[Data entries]
# # # #

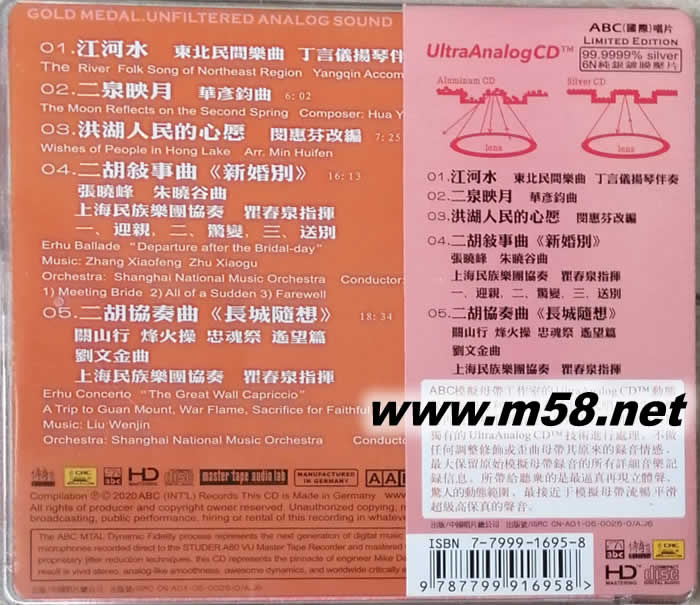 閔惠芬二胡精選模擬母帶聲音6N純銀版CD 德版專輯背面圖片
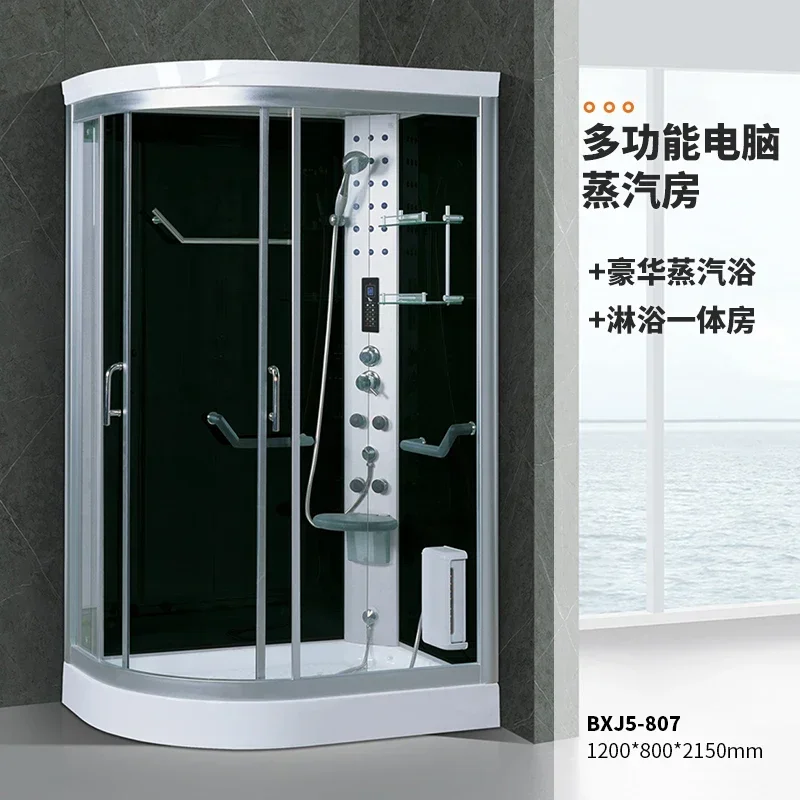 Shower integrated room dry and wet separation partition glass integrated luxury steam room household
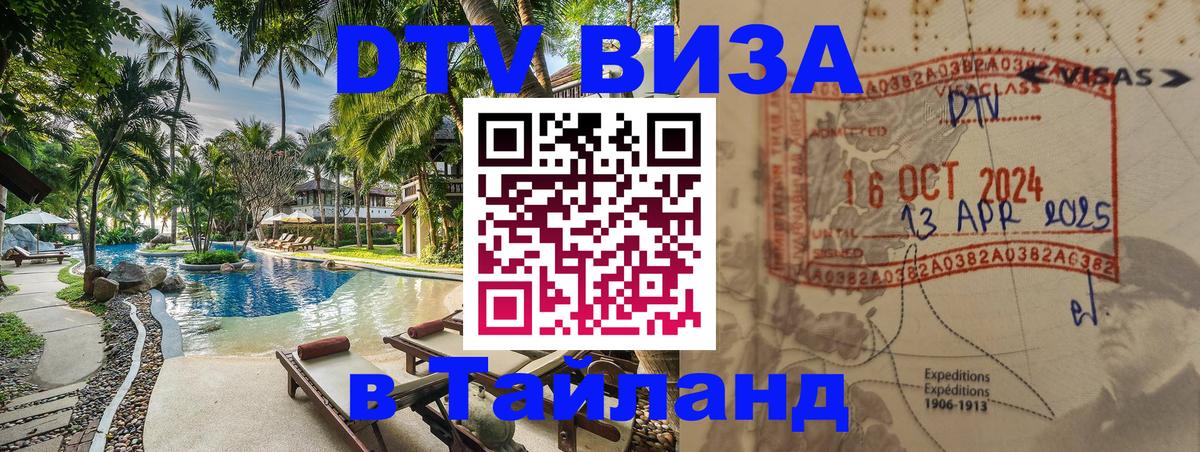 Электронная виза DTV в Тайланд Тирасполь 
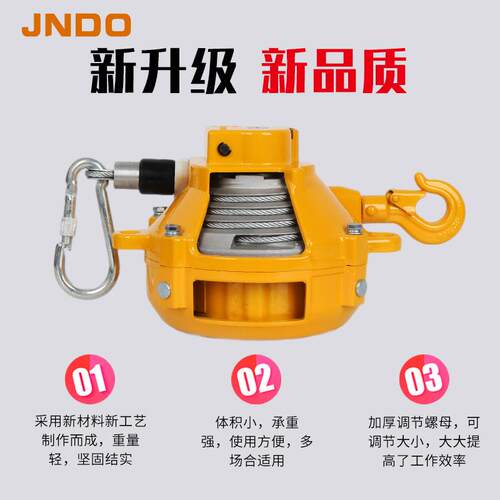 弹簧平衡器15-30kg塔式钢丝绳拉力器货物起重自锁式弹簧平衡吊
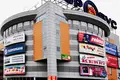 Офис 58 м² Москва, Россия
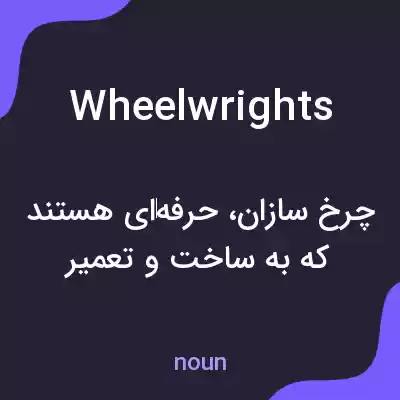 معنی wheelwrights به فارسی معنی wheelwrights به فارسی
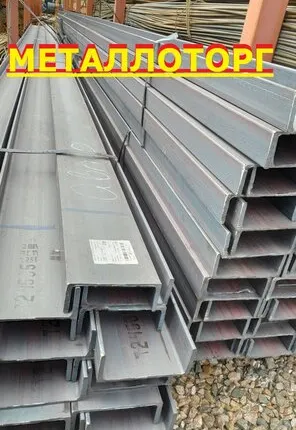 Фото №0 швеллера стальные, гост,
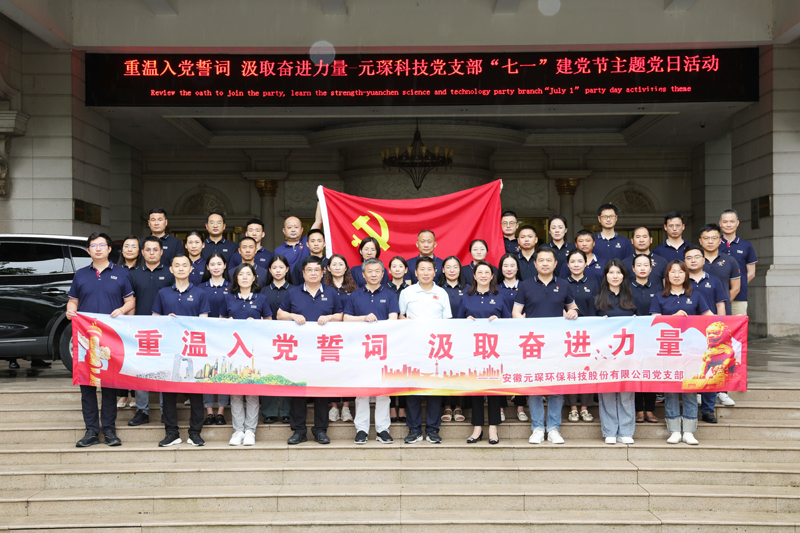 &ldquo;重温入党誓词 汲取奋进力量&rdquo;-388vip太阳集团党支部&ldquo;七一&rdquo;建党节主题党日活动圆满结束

# # # #

### PROBLEM TO WORK ON:
Word for word, repeat the lines of data above, omitting every picture.

### SOLUTION FOR THIS TASK:
 閔惠芬二胡精選模擬母帶聲音6N純銀版CD 德版專輯背面圖片
 Shower integrated room dry and wet separation partition glass integrated luxury steam room household
 Электронная виза DTV в Тайланд Тирасполь 
 弹簧平衡器15-30kg塔式钢丝绳拉力器货物起重自锁式弹簧平衡吊
 Офис 58 м² Москва, Россия
 معنی wheelwrights به فارسی معنی wheelwrights به فارسی
 Фото №0 швеллера стальные, гост,
 &ldquo;重温入党誓词 汲取奋进力量&rdquo;-388vip太阳集团党支部&ldquo;七一&rdquo;建党节主题党日活动圆满结束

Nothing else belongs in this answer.